== Exercise goal ==
Write every line below out again, exactly as given, but leave out the pictures.

== Provided material ==
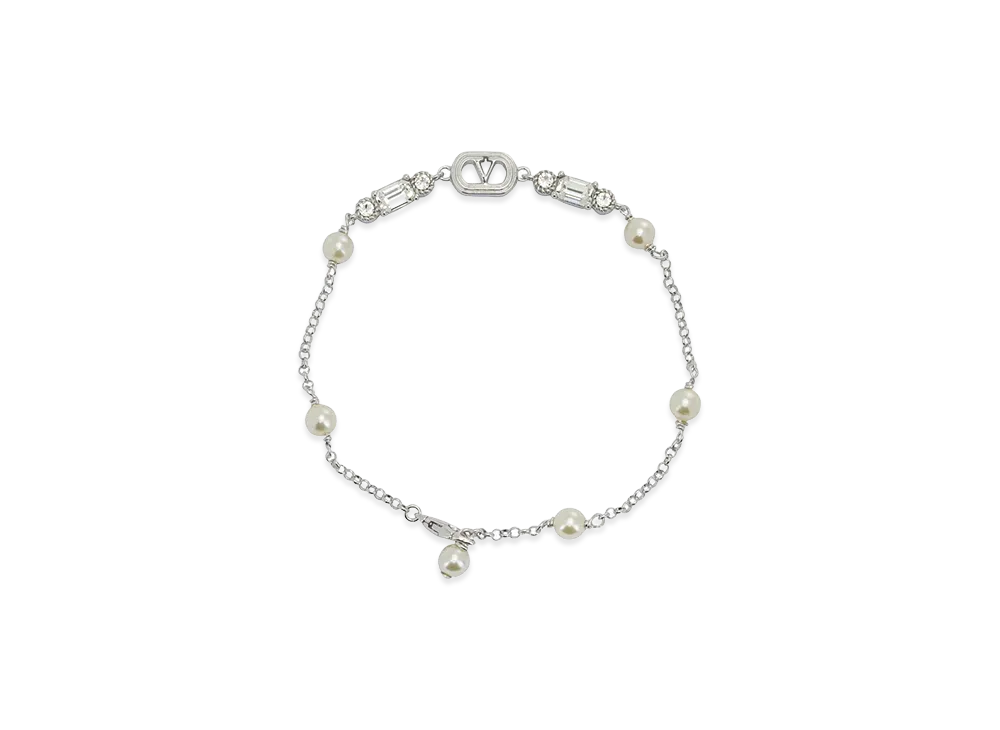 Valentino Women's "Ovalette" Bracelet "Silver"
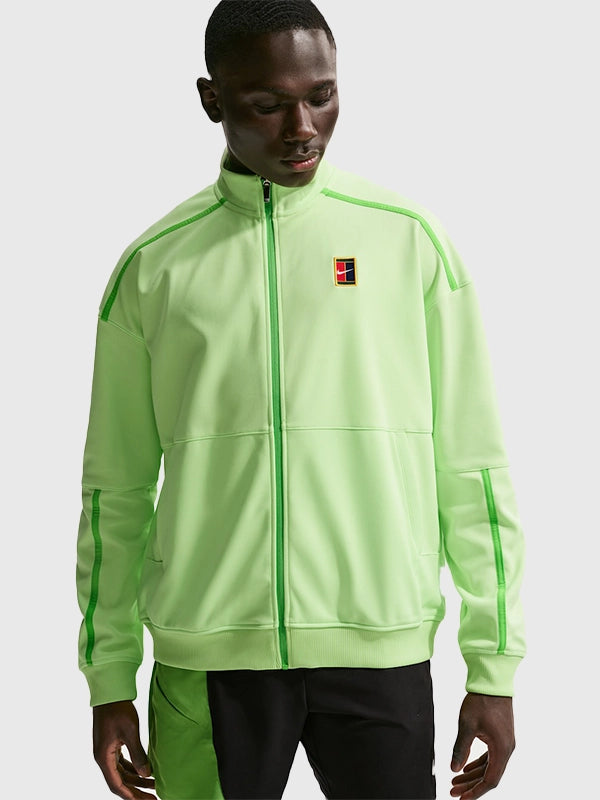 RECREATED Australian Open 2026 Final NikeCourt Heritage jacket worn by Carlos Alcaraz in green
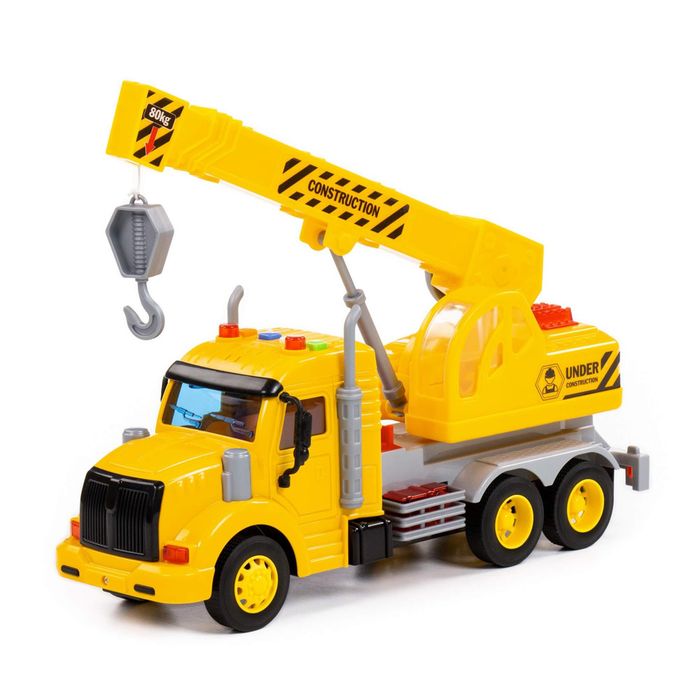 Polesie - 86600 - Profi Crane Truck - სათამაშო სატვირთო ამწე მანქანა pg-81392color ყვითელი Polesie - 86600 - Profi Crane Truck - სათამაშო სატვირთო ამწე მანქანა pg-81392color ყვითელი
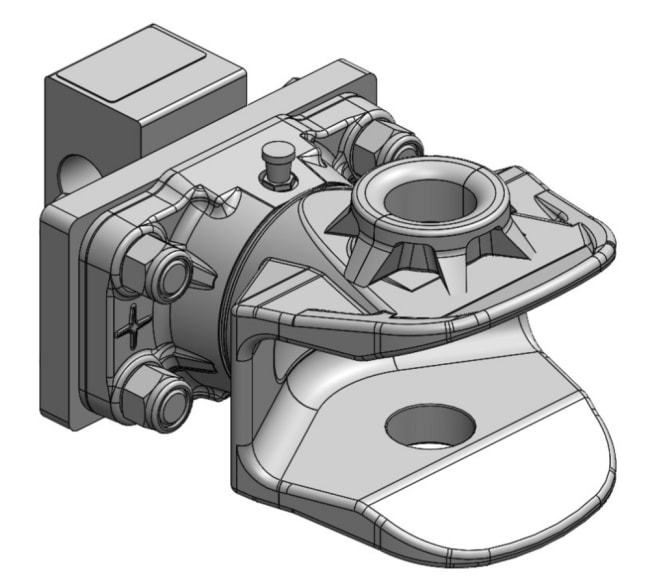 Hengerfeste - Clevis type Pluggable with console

== Exercise response ==
 Valentino Women's "Ovalette" Bracelet "Silver"
 RECREATED Australian Open 2026 Final NikeCourt Heritage jacket worn by Carlos Alcaraz in green
 Polesie - 86600 - Profi Crane Truck - სათამაშო სატვირთო ამწე მანქანა pg-81392color ყვითელი Polesie - 86600 - Profi Crane Truck - სათამაშო სატვირთო ამწე მანქანა pg-81392color ყვითელი
 Hengerfeste - Clevis type Pluggable with console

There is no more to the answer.